Midnight bringt Lana zu Sally, einer befreundeten Malerin, nach London und holt die Figur aus Tregorran Grange. Die Künstlerin ist so angetan von der kleinen Statuette, dass sie direkt ein Bild malt und dieses ihren Agenten mitgibt. Der schleppt es zu Armande, einem Galerieinhaber, der es sofort ins Fenster setzt. Nun, die Augen der Bruderschaft sind überall und nachdem man Armande befragt und getötet hat, kennen sie schließlich den Aufenthaltsort von Lana. Kurz darauf taucht auch der erste Maskierte bei Sally auf und bedrängt die beiden Frauen mit einem Revolver. Wieder schreitet Midnight ein und tötet den Unhold, doch die Jagd auf die Figur geht weiter.
Die erste Versteck-Adresse von Lana ist der Jahrmarkt in Hampstead, wo die Bruderschaft sie aber schnell aufspürt. Mit Hilfe der fürsorglichen Schausteller und Midnight kann sie entkommen.
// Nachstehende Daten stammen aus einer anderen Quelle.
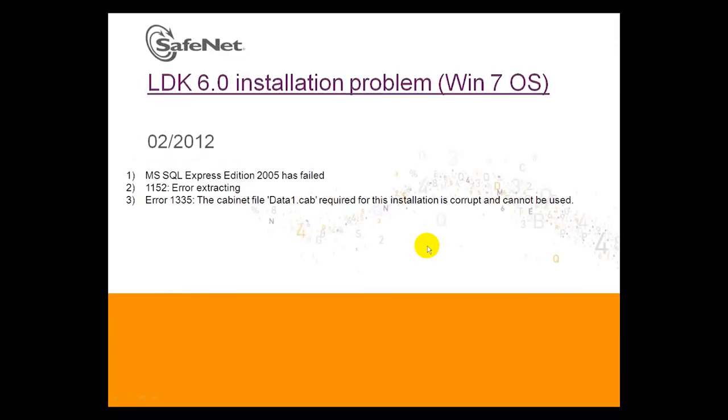During the installation of LDK6 under Windows 7, we encountered the following problems. I will share the information with you in this presentation.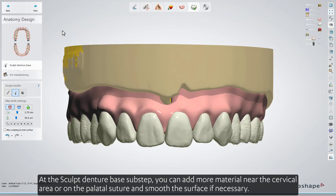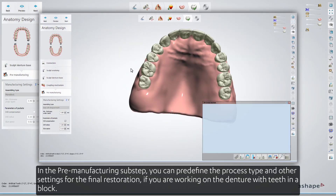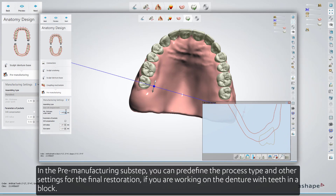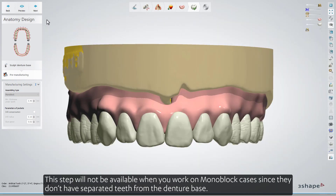At the sculpt denture base sub-step, you can add more material near the cervical area or on the palatal suture, and smooth the surface if necessary. In the pre-manufacturing sub-step, you can pre-define the process type and other settings for the final restoration, if you are working on the denture with teeth in a block. You can also preview these settings by clicking the Preview button. This step will not be available when you work on monoblock cases, since they don't have separated teeth from the denture base.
Der nächste Schauplatz im Kampf zwischen Gut und Böse ist Tregorran Range. Im Morgengrauen greift die Bruderschaft geballt an. Zusätzlich haben sie noch die Insassen frei gelassen. Bollinger trommelte seine Leute zusammen und verteilt Gewehre und Revolver, aber die Lage sieht nicht gut aus. Die Überzahl ist einfach zu groß und schließlich muss Lana und Midnight Jones die Flucht in die unterirdischen Gewölbe des Hauses antreten. Leider war es nur eine kurze Flucht und die Zwei werden gestellt, doch dann kommt der bewaffnete Bollinger dazwischen.
Inzwischen ist auch die magische Barriere rund um das Haus aufgehoben und die Polizei und das Militär rücken an. Sie hatten die Lage schnell im Griff und zwei höhere Beamte nehmen Lana und Midnight mit. Das war abermals eine Falle und diesmal fällt die Figur in die Hände der Brüder.
Auf einer kleinen Gefängnisinsel vor Cornwall ist das Zentrum der Bruderschaft. Eine Zeremonie, bei der die vollständige Kraft wieder auf die Brüder übergeht, soll stattfinden und Jones vermutet, dass sie dabei wohl geopfert werden. Zum Glück entkommen sie aus dem Kerker in dem sie sitzen und kämpfen sich bis zum schwarzen Hauptaltar des Geheimbundes vor, welcher auf einer hohen Klippe steht. Unter Beschuss der Geheimbündler ziehen sie die schwere Altarplatte zum Rand der Klippe und werden dabei mehrmals getroffen.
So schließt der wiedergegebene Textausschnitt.